I’m sort of dreading today’s work. I’ve neglected the two top-bar hives I keep at the Veteran’s Memorial Community Garden in the East End. I let them go it alone for too long, and they’ve built a hive of cross comb. It’s bad.
So, today I’m determined to take my rubber bands and my zip ties and my serrated knife and get things straightened out over there.
To make matters worse, one of the colonies creating severe cross comb is also living in one of the hive bodies that succumbed to a TBH design flaw. Some of the cedar fencing I use for the hive bodies is simply too thin to hold the weight of a hive full of bars loaded with bees and comb and honey. Under tremendous weight, the cedar siding begins to bow.

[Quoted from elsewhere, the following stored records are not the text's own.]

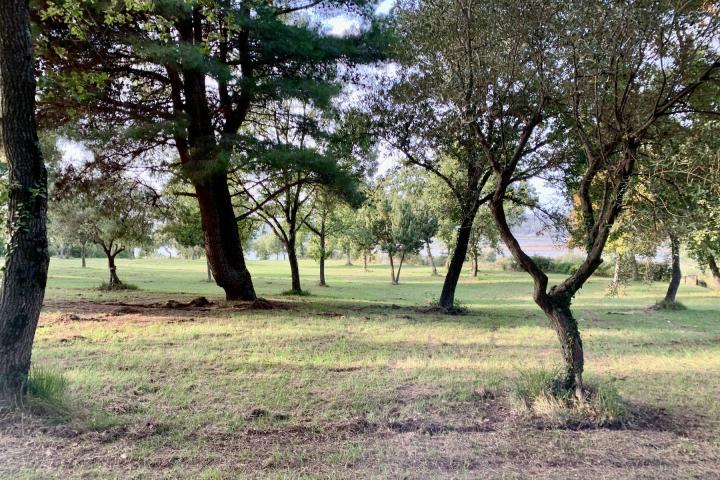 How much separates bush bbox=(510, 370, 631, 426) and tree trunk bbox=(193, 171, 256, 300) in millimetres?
9023

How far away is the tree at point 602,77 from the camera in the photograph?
153 inches

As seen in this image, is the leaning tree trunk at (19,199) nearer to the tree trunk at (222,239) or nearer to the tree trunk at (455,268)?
the tree trunk at (222,239)

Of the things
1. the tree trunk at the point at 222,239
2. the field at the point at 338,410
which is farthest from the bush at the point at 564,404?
the tree trunk at the point at 222,239

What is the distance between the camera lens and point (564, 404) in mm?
4062

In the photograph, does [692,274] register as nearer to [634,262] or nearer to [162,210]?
[634,262]

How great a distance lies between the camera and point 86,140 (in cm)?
985

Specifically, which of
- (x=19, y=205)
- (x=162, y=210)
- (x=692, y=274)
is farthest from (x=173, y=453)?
(x=692, y=274)

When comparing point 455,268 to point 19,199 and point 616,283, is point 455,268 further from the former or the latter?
point 19,199

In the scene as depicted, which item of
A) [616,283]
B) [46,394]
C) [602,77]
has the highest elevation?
[602,77]

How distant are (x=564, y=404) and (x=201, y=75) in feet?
32.4

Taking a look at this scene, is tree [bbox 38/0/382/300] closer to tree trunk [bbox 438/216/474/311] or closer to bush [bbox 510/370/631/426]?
tree trunk [bbox 438/216/474/311]

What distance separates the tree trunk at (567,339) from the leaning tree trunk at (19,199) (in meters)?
4.99

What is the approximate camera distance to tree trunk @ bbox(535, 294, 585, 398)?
4.26 metres

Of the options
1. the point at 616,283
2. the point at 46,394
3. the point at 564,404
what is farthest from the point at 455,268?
the point at 46,394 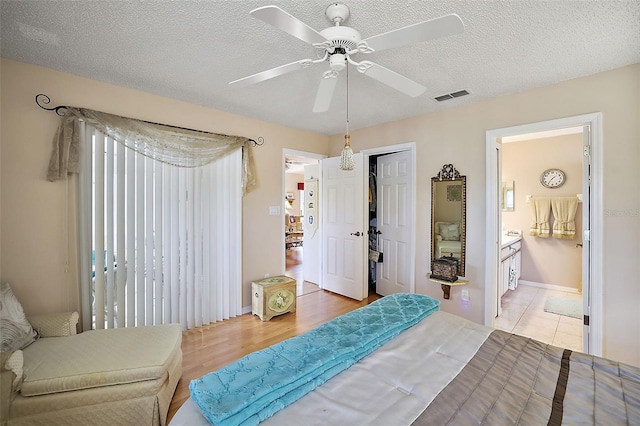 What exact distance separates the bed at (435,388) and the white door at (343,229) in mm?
2457

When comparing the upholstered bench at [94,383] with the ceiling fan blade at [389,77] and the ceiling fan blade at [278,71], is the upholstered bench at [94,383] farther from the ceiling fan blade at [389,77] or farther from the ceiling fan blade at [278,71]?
the ceiling fan blade at [389,77]

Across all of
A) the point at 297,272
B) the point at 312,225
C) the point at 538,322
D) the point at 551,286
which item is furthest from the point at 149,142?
the point at 551,286

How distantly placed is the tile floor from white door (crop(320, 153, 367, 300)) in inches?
70.6

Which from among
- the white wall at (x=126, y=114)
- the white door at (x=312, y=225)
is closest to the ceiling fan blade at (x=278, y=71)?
the white wall at (x=126, y=114)

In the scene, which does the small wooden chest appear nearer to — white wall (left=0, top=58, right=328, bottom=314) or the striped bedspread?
white wall (left=0, top=58, right=328, bottom=314)

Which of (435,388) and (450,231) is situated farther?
(450,231)

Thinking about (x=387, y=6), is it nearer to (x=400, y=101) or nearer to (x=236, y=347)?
(x=400, y=101)

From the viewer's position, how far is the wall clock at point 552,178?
4.32m

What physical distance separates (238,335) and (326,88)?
99.5 inches

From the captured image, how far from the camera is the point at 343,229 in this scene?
160 inches

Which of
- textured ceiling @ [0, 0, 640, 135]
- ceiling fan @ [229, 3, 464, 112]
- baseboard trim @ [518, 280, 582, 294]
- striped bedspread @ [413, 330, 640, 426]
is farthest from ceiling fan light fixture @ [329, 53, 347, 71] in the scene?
baseboard trim @ [518, 280, 582, 294]

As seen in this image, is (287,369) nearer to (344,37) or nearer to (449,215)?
(344,37)

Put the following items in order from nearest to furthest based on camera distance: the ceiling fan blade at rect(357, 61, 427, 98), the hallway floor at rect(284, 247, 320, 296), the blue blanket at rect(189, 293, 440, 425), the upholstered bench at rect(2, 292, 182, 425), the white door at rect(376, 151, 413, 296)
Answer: the blue blanket at rect(189, 293, 440, 425) < the upholstered bench at rect(2, 292, 182, 425) < the ceiling fan blade at rect(357, 61, 427, 98) < the white door at rect(376, 151, 413, 296) < the hallway floor at rect(284, 247, 320, 296)

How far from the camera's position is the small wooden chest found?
3191 mm
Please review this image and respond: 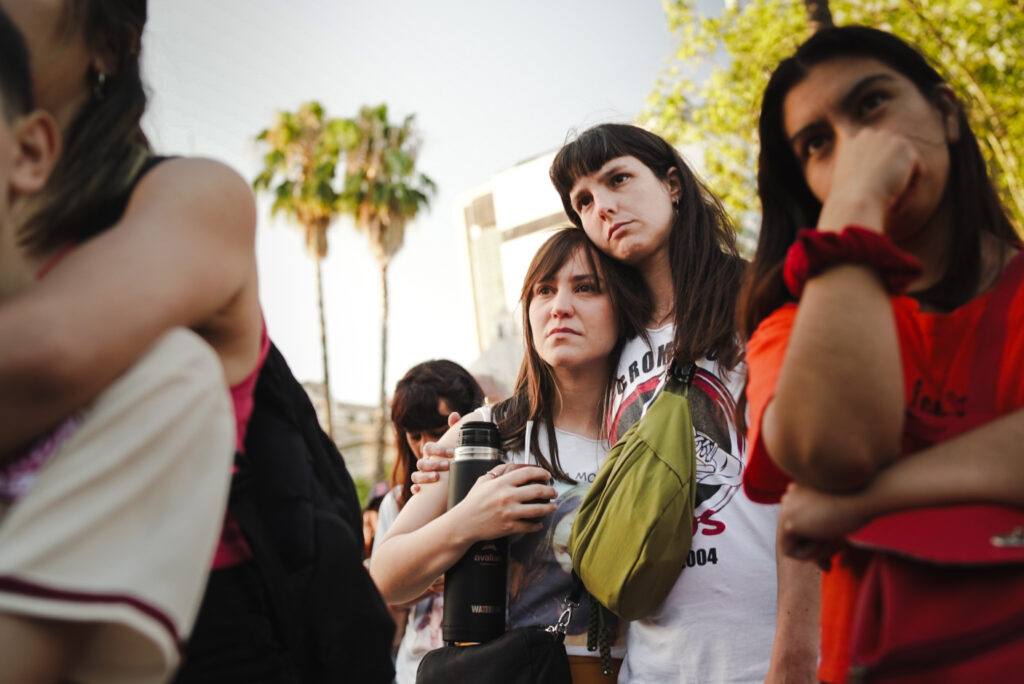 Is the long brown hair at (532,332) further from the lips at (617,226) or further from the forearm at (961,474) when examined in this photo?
the forearm at (961,474)

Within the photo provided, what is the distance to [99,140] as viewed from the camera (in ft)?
4.10

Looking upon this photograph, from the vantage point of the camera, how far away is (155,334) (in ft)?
3.38

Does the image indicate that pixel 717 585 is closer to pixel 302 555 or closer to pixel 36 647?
pixel 302 555

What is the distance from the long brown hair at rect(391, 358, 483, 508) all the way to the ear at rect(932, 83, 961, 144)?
307 centimetres

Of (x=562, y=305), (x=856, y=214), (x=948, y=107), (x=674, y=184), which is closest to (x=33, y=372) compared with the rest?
(x=856, y=214)

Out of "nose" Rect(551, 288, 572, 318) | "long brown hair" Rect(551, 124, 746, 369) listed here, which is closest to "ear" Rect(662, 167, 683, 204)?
"long brown hair" Rect(551, 124, 746, 369)

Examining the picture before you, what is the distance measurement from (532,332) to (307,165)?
735 inches

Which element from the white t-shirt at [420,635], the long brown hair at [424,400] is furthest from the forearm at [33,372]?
the long brown hair at [424,400]

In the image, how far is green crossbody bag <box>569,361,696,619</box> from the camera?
6.40ft

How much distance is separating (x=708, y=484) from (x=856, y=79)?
1.15 meters

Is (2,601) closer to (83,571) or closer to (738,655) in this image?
(83,571)

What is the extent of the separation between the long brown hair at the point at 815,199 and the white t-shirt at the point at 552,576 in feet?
3.31

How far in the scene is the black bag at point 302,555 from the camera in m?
1.20

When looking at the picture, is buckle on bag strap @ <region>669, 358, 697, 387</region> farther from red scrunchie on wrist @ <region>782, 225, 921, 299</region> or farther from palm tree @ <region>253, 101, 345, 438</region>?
palm tree @ <region>253, 101, 345, 438</region> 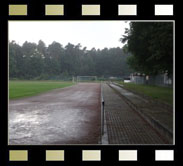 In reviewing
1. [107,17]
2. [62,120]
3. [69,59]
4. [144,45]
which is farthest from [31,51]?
[107,17]

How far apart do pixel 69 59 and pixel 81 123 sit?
80.7 metres

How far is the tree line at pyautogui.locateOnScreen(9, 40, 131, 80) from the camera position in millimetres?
78812

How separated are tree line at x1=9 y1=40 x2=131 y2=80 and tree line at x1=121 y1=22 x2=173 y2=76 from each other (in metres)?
58.6

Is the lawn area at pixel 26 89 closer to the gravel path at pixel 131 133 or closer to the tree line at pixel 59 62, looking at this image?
the gravel path at pixel 131 133

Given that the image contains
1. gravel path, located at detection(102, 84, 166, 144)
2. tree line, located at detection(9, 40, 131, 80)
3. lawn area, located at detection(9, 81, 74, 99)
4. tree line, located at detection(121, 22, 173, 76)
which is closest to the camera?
gravel path, located at detection(102, 84, 166, 144)

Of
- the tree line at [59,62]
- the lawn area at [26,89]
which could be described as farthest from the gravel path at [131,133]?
the tree line at [59,62]

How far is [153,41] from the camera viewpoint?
47.6 feet

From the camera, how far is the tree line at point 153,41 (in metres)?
12.6

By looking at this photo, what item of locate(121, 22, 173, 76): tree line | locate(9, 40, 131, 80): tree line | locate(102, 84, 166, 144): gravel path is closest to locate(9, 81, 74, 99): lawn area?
locate(121, 22, 173, 76): tree line

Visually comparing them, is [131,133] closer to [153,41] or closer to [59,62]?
[153,41]

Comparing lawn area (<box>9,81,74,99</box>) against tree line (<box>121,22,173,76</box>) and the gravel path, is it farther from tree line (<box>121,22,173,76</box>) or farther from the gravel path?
the gravel path

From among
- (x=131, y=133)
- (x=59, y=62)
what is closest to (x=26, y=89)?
(x=131, y=133)

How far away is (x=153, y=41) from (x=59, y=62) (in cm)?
7361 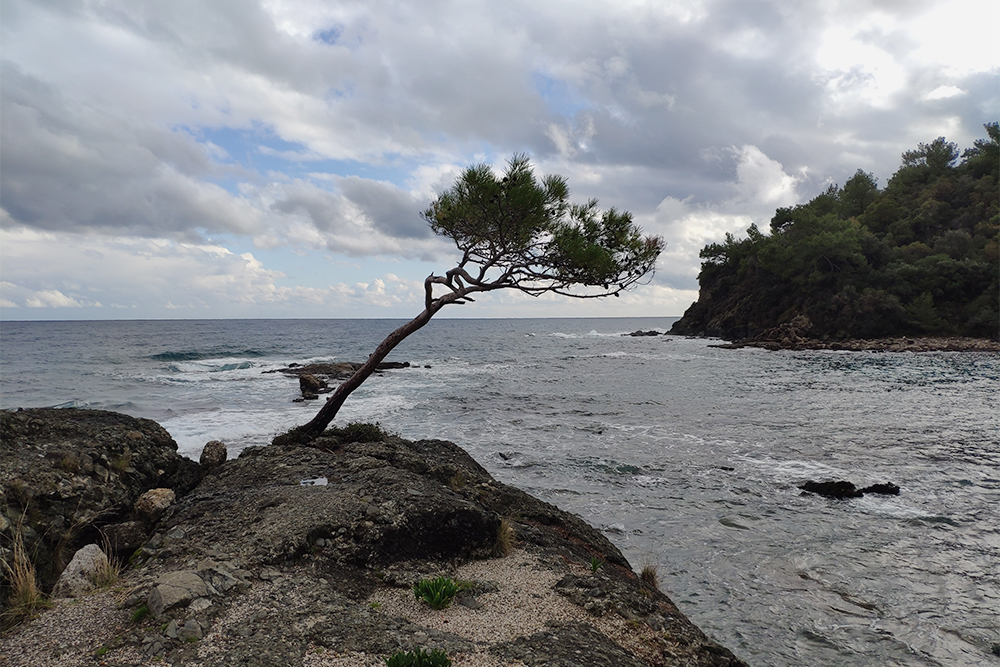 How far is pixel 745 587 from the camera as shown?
714cm

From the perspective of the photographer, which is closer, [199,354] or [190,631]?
[190,631]

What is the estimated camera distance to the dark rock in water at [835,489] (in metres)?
10.8

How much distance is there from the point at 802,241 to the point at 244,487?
7097 cm

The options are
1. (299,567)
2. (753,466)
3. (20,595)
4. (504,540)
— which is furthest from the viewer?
(753,466)

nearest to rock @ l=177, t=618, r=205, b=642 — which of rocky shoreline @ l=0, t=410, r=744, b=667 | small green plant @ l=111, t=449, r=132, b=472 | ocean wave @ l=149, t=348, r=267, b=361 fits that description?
rocky shoreline @ l=0, t=410, r=744, b=667

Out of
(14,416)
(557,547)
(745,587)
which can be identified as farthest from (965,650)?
(14,416)

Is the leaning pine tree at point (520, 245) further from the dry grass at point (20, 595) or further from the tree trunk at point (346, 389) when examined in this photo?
the dry grass at point (20, 595)

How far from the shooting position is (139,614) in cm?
400

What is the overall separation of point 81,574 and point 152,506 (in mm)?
1950

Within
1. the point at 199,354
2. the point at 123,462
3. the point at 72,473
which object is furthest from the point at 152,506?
the point at 199,354

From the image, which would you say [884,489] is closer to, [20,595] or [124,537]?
[124,537]

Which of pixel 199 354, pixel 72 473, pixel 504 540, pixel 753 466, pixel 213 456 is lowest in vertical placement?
pixel 753 466

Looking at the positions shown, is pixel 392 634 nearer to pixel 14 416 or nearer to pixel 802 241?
pixel 14 416

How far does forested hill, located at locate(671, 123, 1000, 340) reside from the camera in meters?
55.5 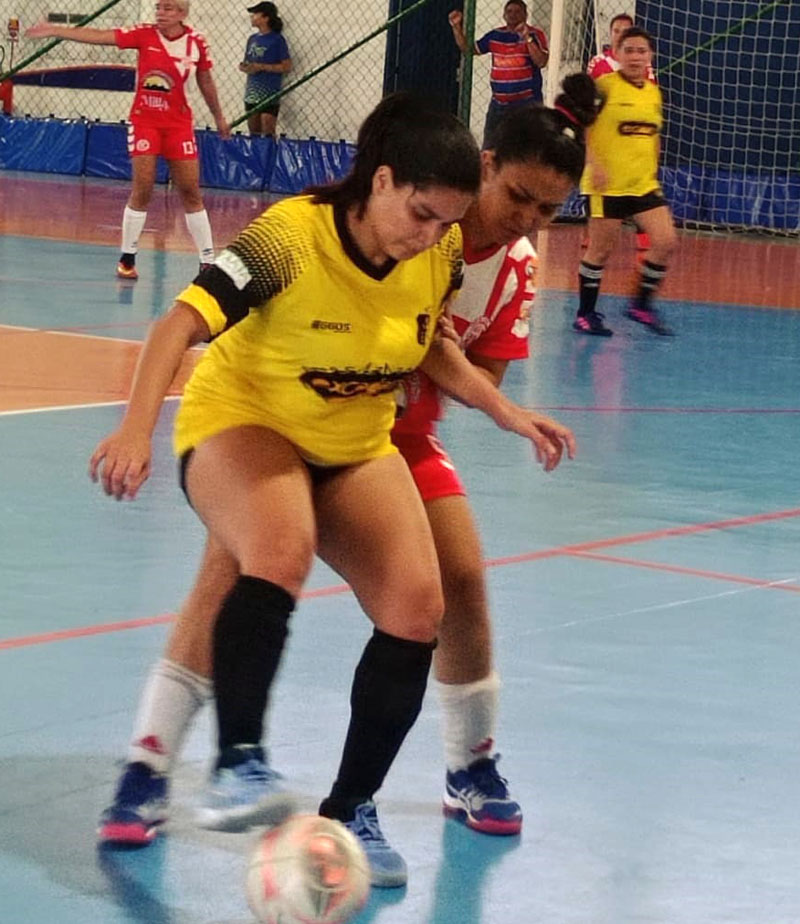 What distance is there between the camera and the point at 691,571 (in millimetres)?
5699

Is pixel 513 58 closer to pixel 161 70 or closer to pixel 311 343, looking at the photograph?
pixel 161 70

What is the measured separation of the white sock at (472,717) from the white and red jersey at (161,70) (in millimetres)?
9052

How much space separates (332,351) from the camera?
10.9 feet

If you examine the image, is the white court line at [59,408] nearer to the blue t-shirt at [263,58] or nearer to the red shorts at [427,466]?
the red shorts at [427,466]

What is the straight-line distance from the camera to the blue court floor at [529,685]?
3.31m

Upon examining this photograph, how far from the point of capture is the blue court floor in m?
3.31

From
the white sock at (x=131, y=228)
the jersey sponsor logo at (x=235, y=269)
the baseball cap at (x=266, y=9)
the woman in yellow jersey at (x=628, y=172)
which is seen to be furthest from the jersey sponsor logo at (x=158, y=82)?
the baseball cap at (x=266, y=9)

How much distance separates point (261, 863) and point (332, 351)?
Answer: 0.89 meters

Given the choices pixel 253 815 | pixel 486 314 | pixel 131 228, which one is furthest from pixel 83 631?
pixel 131 228

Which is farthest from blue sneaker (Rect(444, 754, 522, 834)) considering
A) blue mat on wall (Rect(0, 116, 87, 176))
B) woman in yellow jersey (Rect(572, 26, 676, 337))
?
blue mat on wall (Rect(0, 116, 87, 176))

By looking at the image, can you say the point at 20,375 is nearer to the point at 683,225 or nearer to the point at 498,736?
the point at 498,736

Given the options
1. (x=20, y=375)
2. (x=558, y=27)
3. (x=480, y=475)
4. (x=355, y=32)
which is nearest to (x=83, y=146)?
(x=355, y=32)

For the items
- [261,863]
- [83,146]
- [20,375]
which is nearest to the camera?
[261,863]

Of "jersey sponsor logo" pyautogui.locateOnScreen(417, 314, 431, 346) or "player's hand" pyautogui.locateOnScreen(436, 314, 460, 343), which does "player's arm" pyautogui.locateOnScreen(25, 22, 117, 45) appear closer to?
"player's hand" pyautogui.locateOnScreen(436, 314, 460, 343) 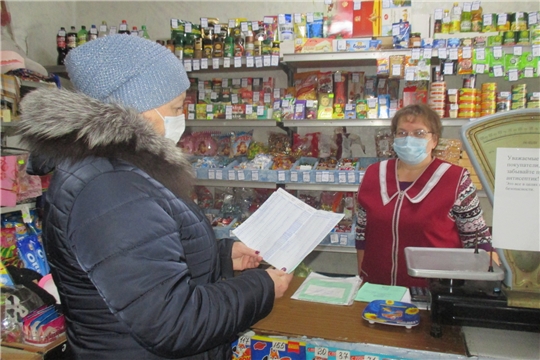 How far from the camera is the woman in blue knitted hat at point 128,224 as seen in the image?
791 millimetres

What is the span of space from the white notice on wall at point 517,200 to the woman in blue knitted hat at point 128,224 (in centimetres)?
56

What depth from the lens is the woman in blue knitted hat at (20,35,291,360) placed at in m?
0.79

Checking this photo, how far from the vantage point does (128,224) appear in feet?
2.58

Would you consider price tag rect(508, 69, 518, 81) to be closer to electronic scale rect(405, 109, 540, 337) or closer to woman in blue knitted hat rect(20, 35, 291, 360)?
electronic scale rect(405, 109, 540, 337)

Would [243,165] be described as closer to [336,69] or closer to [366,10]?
[336,69]

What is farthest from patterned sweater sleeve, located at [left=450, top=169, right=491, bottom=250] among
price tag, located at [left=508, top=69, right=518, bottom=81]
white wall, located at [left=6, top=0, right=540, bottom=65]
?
white wall, located at [left=6, top=0, right=540, bottom=65]

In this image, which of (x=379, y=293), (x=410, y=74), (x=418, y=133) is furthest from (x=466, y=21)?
(x=379, y=293)

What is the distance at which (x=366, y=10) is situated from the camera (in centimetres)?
308

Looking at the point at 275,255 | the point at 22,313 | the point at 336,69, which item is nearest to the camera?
the point at 275,255

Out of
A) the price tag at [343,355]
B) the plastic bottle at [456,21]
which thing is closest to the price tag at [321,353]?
the price tag at [343,355]

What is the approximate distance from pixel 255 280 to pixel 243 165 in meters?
2.49

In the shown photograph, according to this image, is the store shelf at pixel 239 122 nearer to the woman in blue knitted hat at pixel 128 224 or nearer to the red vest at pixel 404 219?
the red vest at pixel 404 219

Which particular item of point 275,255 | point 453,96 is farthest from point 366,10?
point 275,255

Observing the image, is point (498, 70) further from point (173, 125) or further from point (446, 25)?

When the siding bows out, the top bars, which usually rest on the edge of the siding, slip down so that the comb squishes onto the bottom of the hive. And in this recent heat, the wax melts on the floor of the hive. None of this is good.
I’m gonna face the music today (because our high temperatures should only reach 80 degrees…which means I can work with the comb without it disintegrating in my hands). I intend to spend hours doing right by the bees that I previously neglected.
Comb by comb, I’ll cut the cross comb from the bars. Then I’ll reattach the straightened comb to its bar using either rubber bands or zip ties. Or both. Then I’ll place the newly reattached comb into a new, improved TBH.
I will reward myself with lunch at Eli’s. :)
I’ll take pictures of it for you. If I remember.
I expect to run into Joe Cocoran there. Talk about a ball of fire.